● **Task goal**
Skip all pictures, then copy the lines from the start of the data through the line with "Hello, in front", keeping both ends.

*** Opening Records to use ***

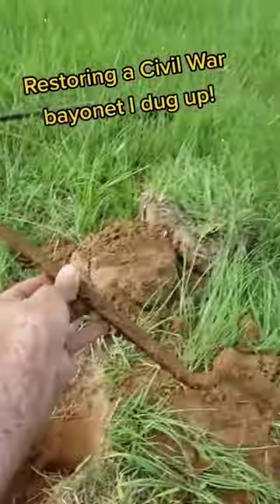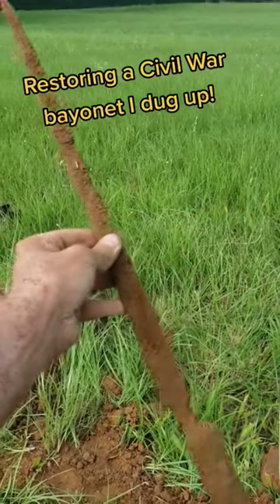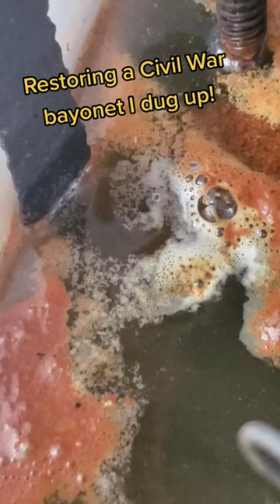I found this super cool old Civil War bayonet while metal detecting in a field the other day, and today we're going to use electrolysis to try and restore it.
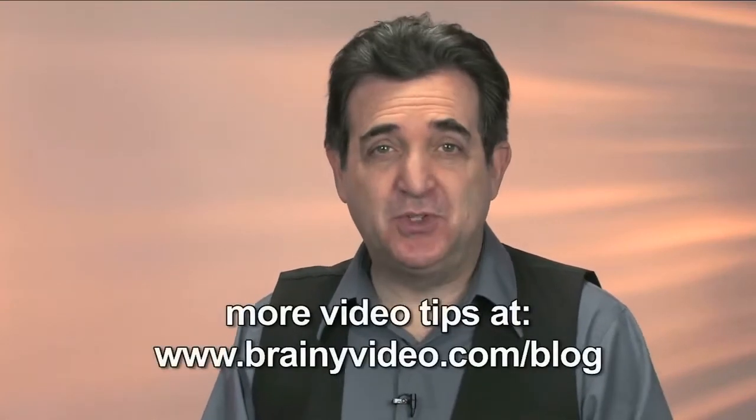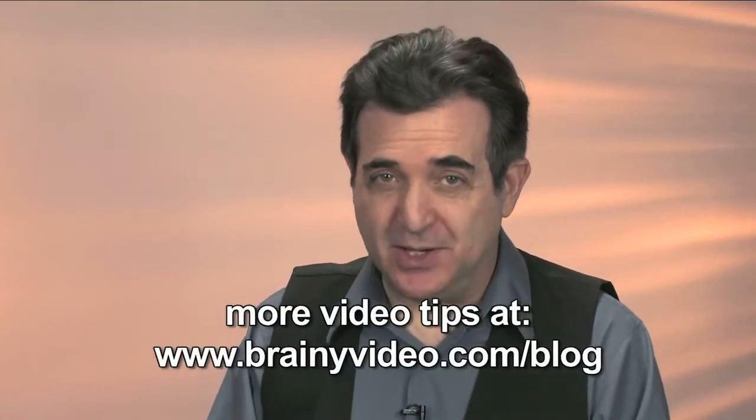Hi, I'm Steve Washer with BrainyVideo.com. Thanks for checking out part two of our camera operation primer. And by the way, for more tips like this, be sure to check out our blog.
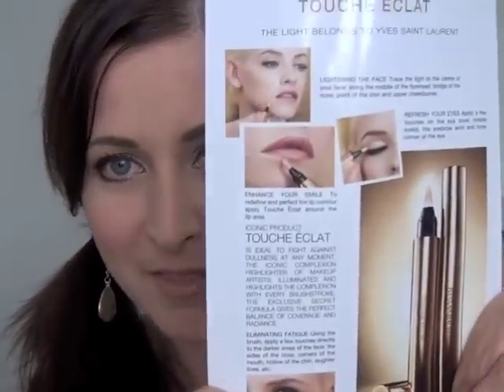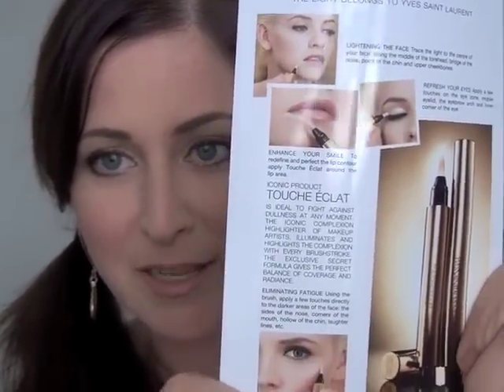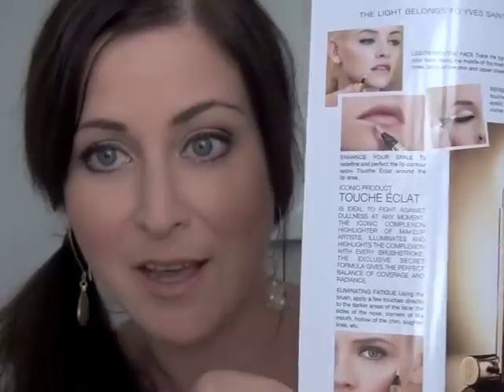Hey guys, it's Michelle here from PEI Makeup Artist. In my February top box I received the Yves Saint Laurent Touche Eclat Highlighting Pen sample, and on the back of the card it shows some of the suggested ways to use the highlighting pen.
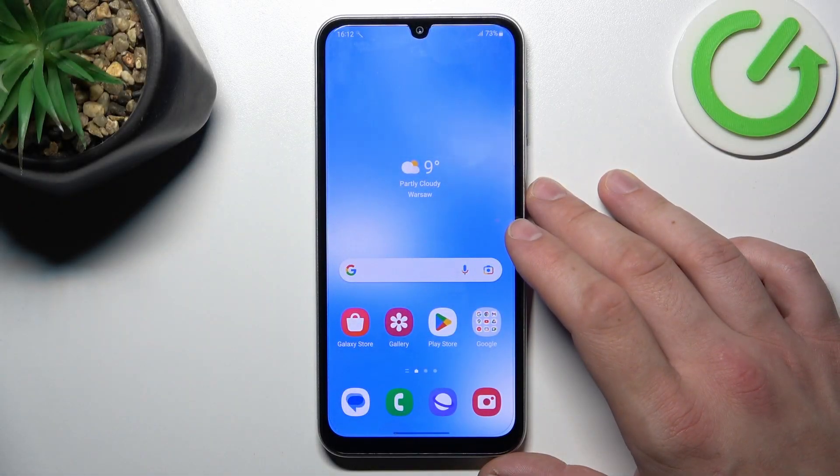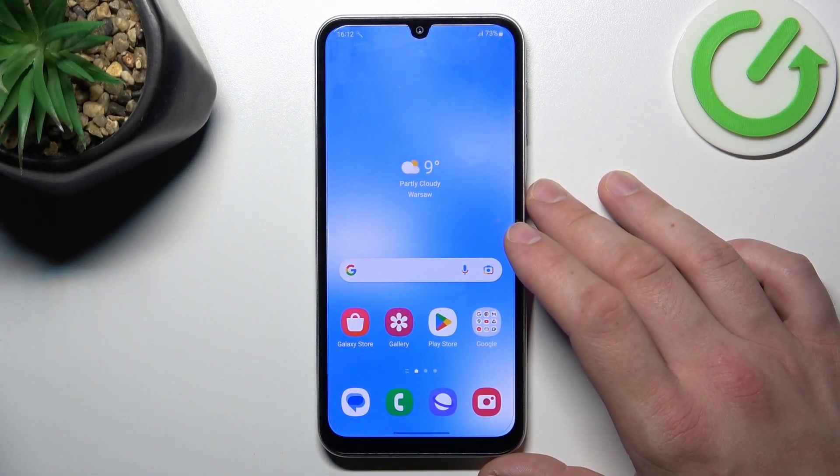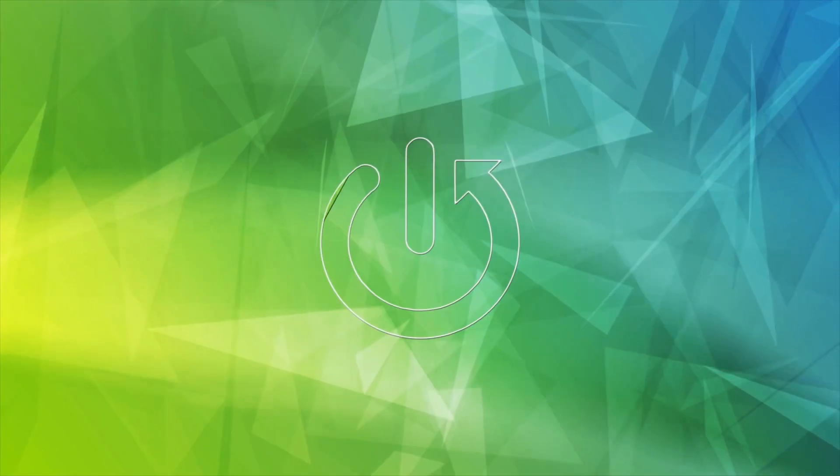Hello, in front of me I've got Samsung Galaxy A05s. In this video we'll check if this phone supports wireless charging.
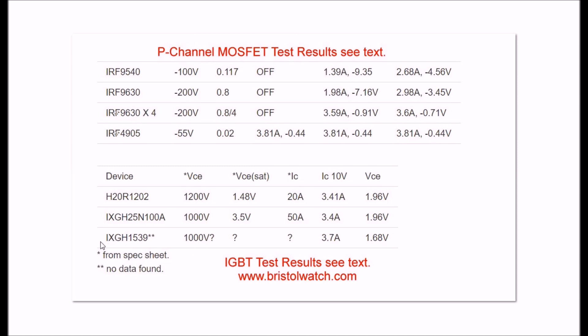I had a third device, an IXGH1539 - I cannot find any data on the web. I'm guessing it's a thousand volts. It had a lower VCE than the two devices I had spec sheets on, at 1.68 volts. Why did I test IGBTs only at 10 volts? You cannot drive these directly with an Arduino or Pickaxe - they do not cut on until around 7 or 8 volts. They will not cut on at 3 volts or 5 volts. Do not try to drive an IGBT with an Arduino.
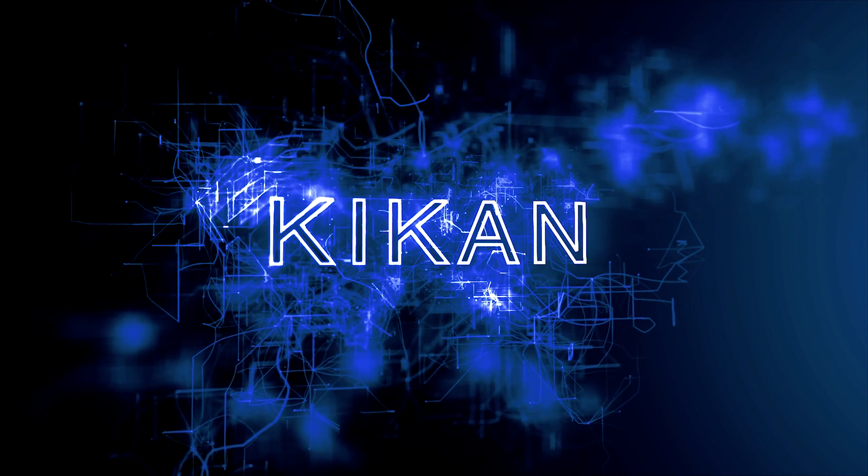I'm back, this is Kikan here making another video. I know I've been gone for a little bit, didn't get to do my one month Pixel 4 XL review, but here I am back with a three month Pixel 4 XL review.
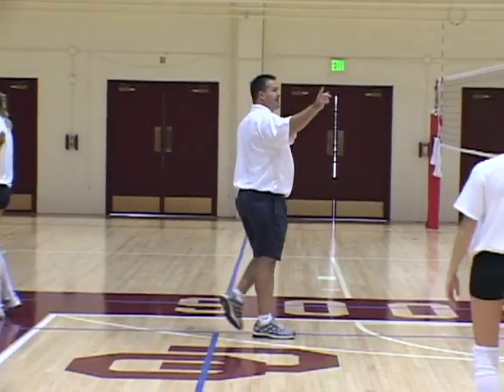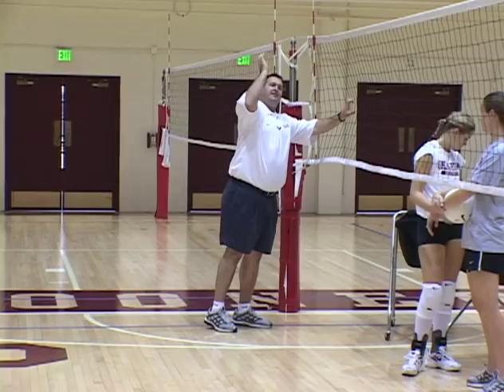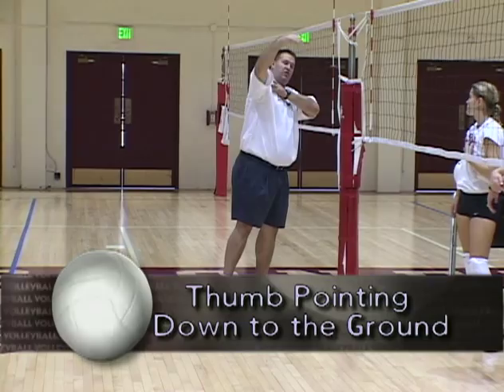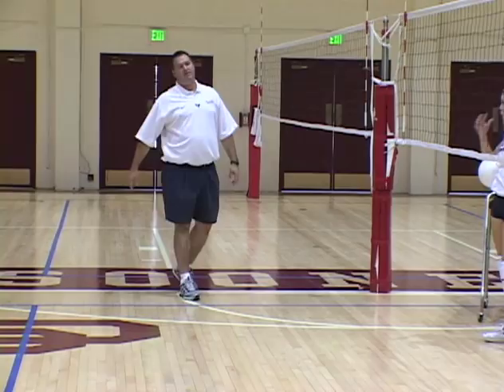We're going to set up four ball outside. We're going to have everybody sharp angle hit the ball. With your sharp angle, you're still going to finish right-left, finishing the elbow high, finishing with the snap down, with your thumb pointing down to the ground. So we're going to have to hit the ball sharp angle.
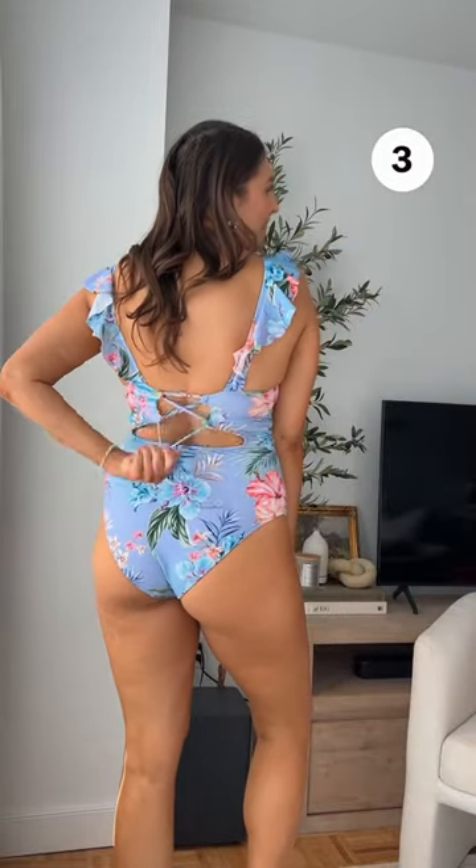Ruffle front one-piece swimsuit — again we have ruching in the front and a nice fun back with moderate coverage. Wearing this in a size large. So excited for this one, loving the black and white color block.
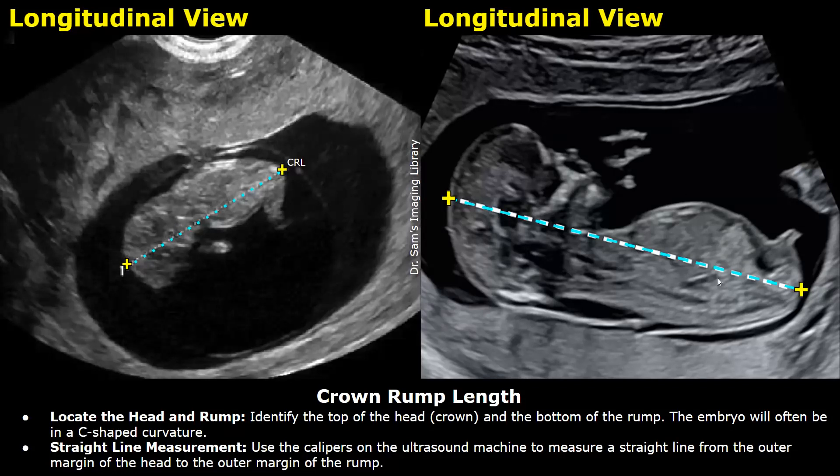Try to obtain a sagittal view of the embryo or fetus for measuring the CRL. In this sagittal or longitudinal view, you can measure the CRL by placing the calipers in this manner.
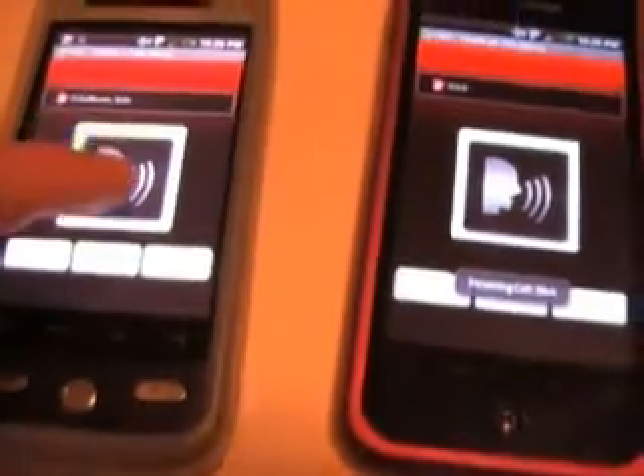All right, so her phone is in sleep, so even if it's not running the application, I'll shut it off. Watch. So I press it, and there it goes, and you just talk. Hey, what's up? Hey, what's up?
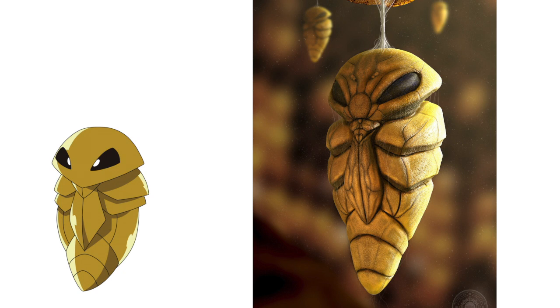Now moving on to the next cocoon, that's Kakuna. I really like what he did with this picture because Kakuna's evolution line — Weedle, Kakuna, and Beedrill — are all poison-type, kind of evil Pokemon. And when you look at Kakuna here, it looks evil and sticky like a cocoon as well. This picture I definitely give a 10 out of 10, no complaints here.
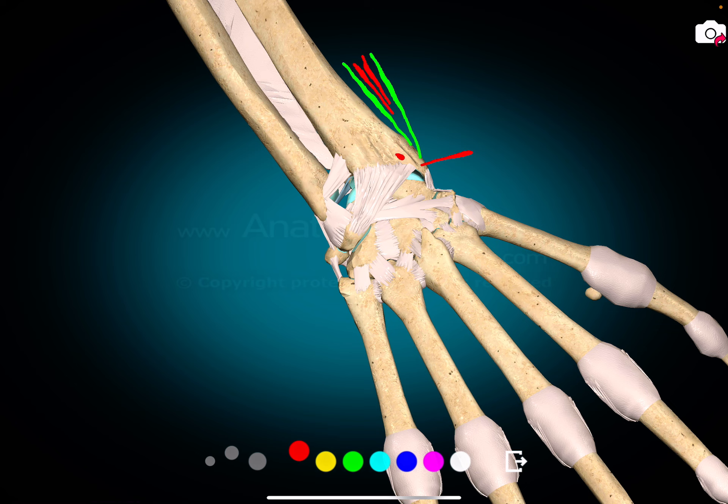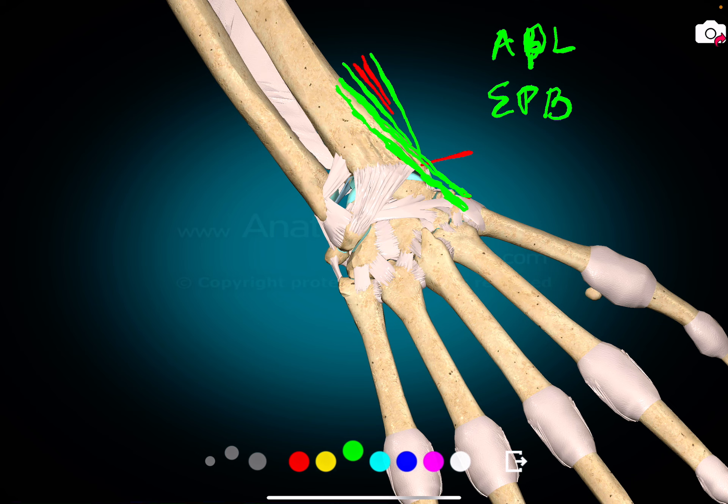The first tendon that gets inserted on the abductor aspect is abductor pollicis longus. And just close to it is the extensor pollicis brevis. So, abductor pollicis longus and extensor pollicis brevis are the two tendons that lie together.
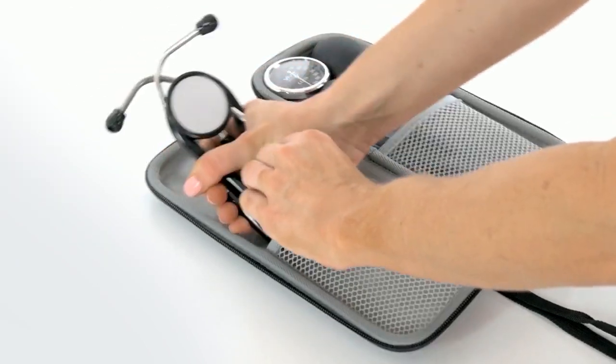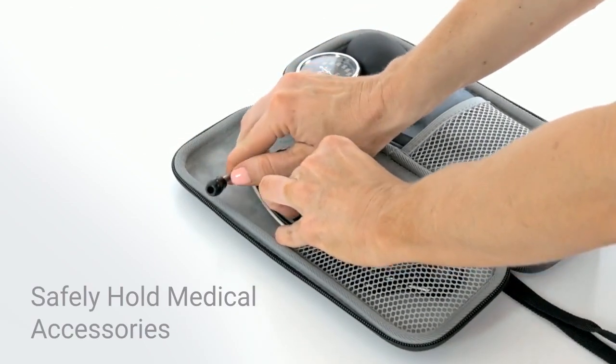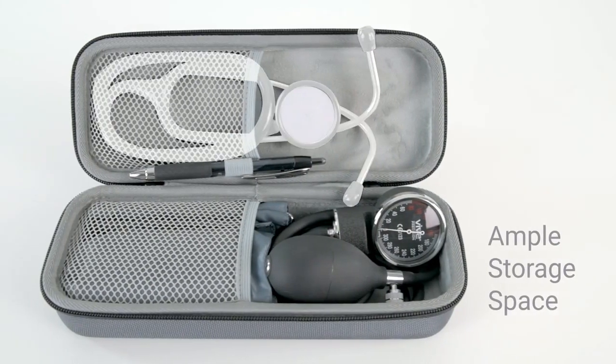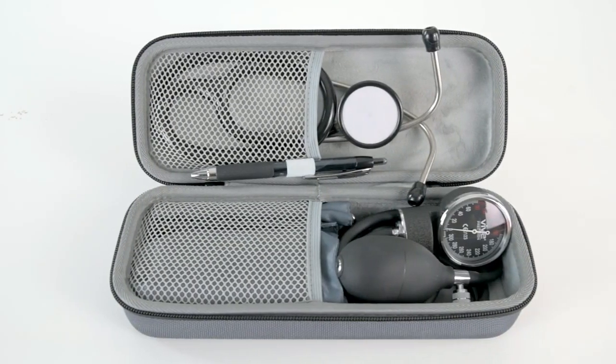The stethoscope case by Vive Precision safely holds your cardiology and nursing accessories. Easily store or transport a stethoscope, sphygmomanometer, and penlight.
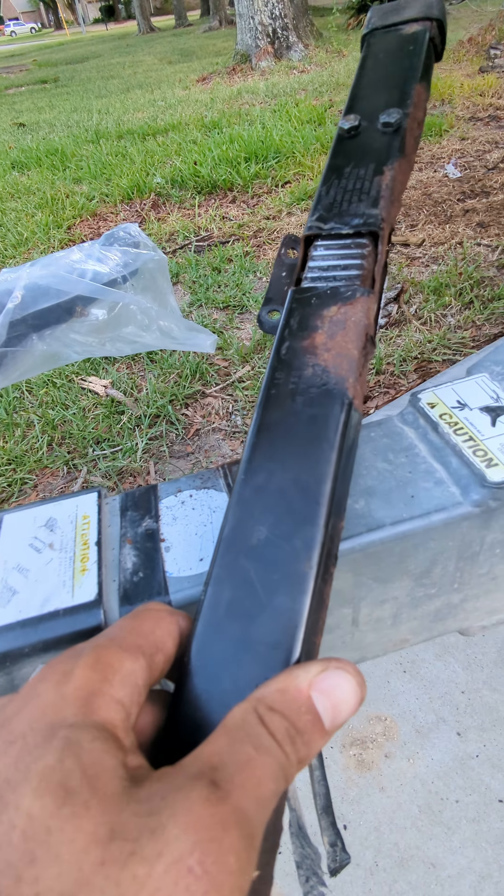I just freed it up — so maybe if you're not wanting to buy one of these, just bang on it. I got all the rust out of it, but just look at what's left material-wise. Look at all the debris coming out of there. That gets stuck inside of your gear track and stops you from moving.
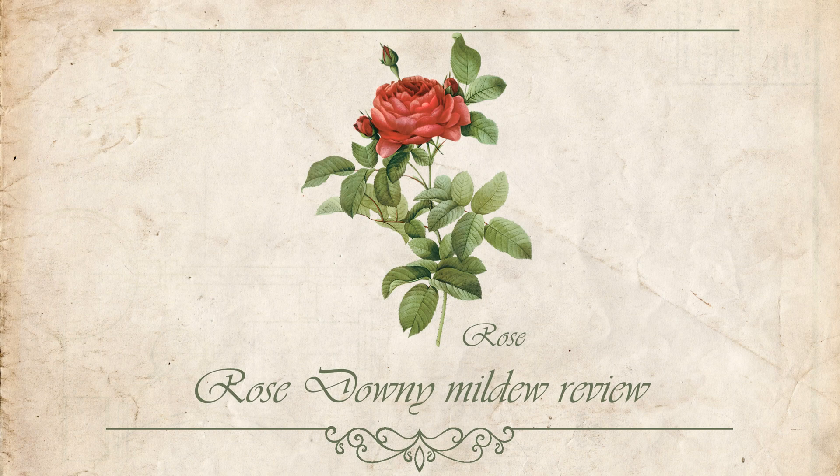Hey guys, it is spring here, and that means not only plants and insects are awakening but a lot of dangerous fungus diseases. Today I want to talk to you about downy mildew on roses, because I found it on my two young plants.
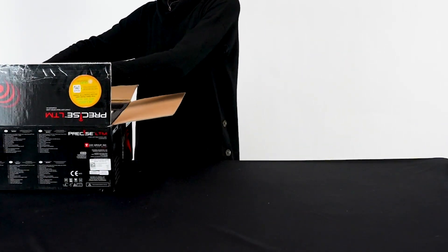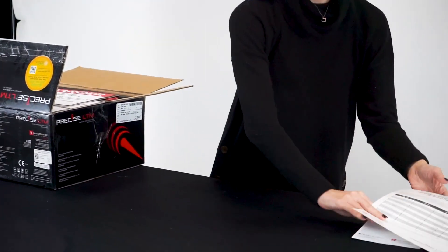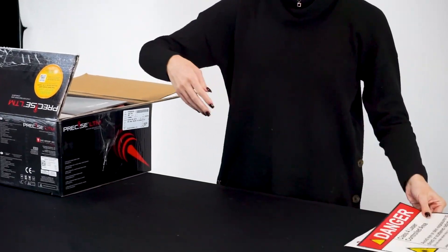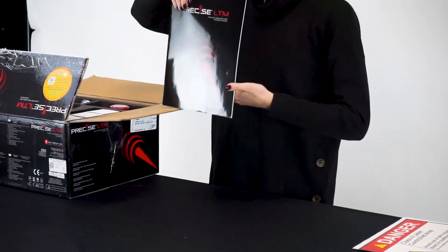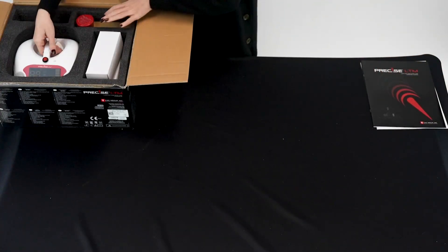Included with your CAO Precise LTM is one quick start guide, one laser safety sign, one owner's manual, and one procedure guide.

*** Closing Records to use ***

● **Response for this exercise**
I found this super cool old Civil War bayonet while metal detecting in a field the other day, and today we're going to use electrolysis to try and restore it.
Hi, I'm Steve Washer with BrainyVideo.com. Thanks for checking out part two of our camera operation primer. And by the way, for more tips like this, be sure to check out our blog.
Hey guys, it's Michelle here from PEI Makeup Artist. In my February top box I received the Yves Saint Laurent Touche Eclat Highlighting Pen sample, and on the back of the card it shows some of the suggested ways to use the highlighting pen.
Hello, in front of me I've got Samsung Galaxy A05s. In this video we'll check if this phone supports wireless charging.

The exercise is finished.